La Commission a en outre appelé l'attention sur le fait que l'idée de créer un principe d'innovation responsable et de l'inscrire dans la Constitution revenait à appeler l'État à définir l'innovation responsable, par opposition à l'innovation irresponsable, autrement dit à distinguer la bonne innovation et la mauvaise – et pourquoi pas la bonne science et la mauvaise science ! Paradoxalement, nous sommes invités à décider ce que doit être la recherche. Est-ce à l'État de dire par avance en quoi doit consister l'innovation, la création ou l'invention ?

Troisième point relevé par la Commission : remplacer les mots « principe de précaution » par les mots « principe d'innovation responsable » est source de confusion. Concrètement, un même contenu s'appellera « principe de précaution » en droit international, en droit communautaire et dans la loi française mais, curieusement, s'appellera « principe d'innovation responsable » dans la Charte de l'environnement adossée à notre Constitution… Cette façon de faire bousculera la hiérarchie des normes et suscitera d'interminables débats en séance ou devant le juge pour savoir si ce changement d'appellation induit un changement de sens et si l'appellation « principe de précaution » se concilie ou non avec l'appellation « principe d'innovation responsable ».
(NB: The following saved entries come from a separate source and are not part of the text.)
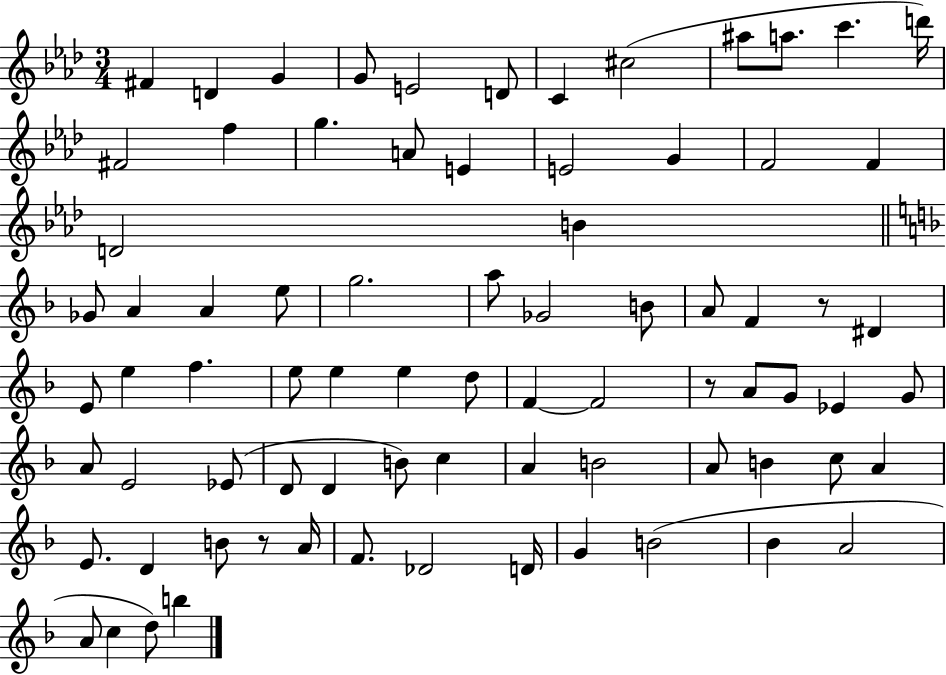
X:1
T:Untitled
M:3/4
L:1/4
K:Ab
^F D G G/2 E2 D/2 C ^c2 ^a/2 a/2 c' d'/4 ^F2 f g A/2 E E2 G F2 F D2 B _G/2 A A e/2 g2 a/2 _G2 B/2 A/2 F z/2 ^D E/2 e f e/2 e e d/2 F F2 z/2 A/2 G/2 _E G/2 A/2 E2 _E/2 D/2 D B/2 c A B2 A/2 B c/2 A E/2 D B/2 z/2 A/4 F/2 _D2 D/4 G B2 _B A2 A/2 c d/2 b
En quatrième et dernier lieu, il est faux de prétendre que ce changement de nom permettrait de clarifier l'interprétation du principe de précaution. La lecture attentive de la jurisprudence du Conseil d'État, de la Cour de cassation ou des décisions du Conseil constitutionnel permet de se convaincre qu'un tel risque n'existe pas. Deux cas sont fréquemment cités. Un arrêt rendu par la cour d'appel de Versailles du 4 février 2009 est souvent cité par les opposants au principe de précaution. Certes, dans cette affaire, les parties au procès avaient beaucoup écrit du principe de précaution, mais ce n'est pas sur ce fondement que la cour d'appel a ordonné l'enlèvement de l'antenne-relais litigieuse, mais bien parce que l'opérateur avait promis de respecter certaines normes d'émission et de distance pour l'implantation de son antenne-relais, et qu'il n'a pas tenu sa promesse.

Second cas de figure : récemment, par une décision du 11 octobre 2013, le Conseil constitutionnel a rejeté une question prioritaire de constitutionnalité par laquelle la société Schuepbach contestait la conformité au principe constitutionnel de précaution, de la loi du 13 juillet 2011 interdisant la fracturation hydraulique. Pour cette société, soucieuse de pouvoir rechercher et exploiter des hydrocarbures non conventionnels, le législateur avait utilisé à tort le principe de précaution en en faisant un principe d'interdiction – ici de la fracturation hydraulique. Or, le Conseil constitutionnel a considéré à très juste titre que cet argument était inopérant. En effet, la loi du 13 juillet 2011 relative à l'interdiction de la fracturation hydraulique, grâce notamment à l'intervention du président Chanteguet, n'est pas fondée sur le principe de précaution, mais sur le principe de prévention.

Voilà les raisons pour lesquelles la commission du Développement durable a décidé d'adopter un amendement de suppression de l'article.